Jalur awal berupa jalan setapak yang cukup lebar beralas kerikil. Tanaman edelweiss tumbuh di kanan-kiri. Awalnya cenderung datar, perlahan menanjak, lalu pindah persneling ke gigi 1 untuk meniti tanjakan terjal yang tembus di atas Arcopodo. Kami berjalan dalam waktu tempuh yang normal, sekitar satu jam untuk tiba di Kelik.
Kami sempat istirahat cukup lama di Kelik. Menunggu giliran menyeberangi igir selebar sepasang kaki di pintu keluar hutan.
Selepas Kelik, tim kami mulai tercecer. Dari sini, pendakian yang sesungguhnya dimulai. Yang fisiknya kuat, berjalan lebih cepat.
Sejam perjalanan dari Kelik, lima orang semakin tertinggal di belakang. Termasuk saya, yang berperan sebagai sweeper. Sepuluh anggota tim yang lain, termasuk Rizky, melesat jauh di depan.
Anggrek mulai menunjukkan tanda-tanda lelah. Tak sampai lima langkah, ia berhenti. Saya mengikutinya. Terlepas itu, jalur pendakian ke puncak pada waktu itu memang tak memungkinkan untuk berjalan lebih cepat.

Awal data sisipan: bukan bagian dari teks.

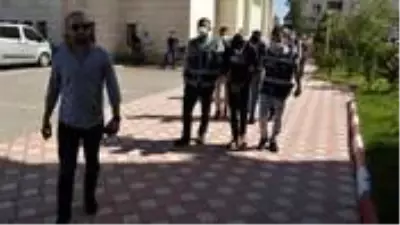 'Berberiz, tıraş etmeye geldik' deyip 83 yaşındaki adamın 30 bin lirasını çaldılar 'Berberiz, tıraş etmeye geldik' deyip 83 yaşındaki adamın 30 bin lirasını çaldılar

Melihat hal tersebut, di sisi lain dari kesadaran saya, seolah terasa ada tarikan dari Kalimati yang mengganjal langkah. Kehangatan sarung tidur dari tenda melambai-lambai di angan. Seakan memanggil kami untuk turun dan tidak usah melanjutkan perjalanan.
* * *
Saya berteriak ke arah Tanti, “Hei! Anggrek gak kuat, kami akan turun. Kalian mau ikut atau lanjut ke puncak?” Mereka bertiga kompak untuk meneruskan pendakian. Di antara mereka, hanya Tanti yang agak payah fisiknya. Tapi tak seperti Anggrek, dia memilih bertekad meneruskan perjalanan.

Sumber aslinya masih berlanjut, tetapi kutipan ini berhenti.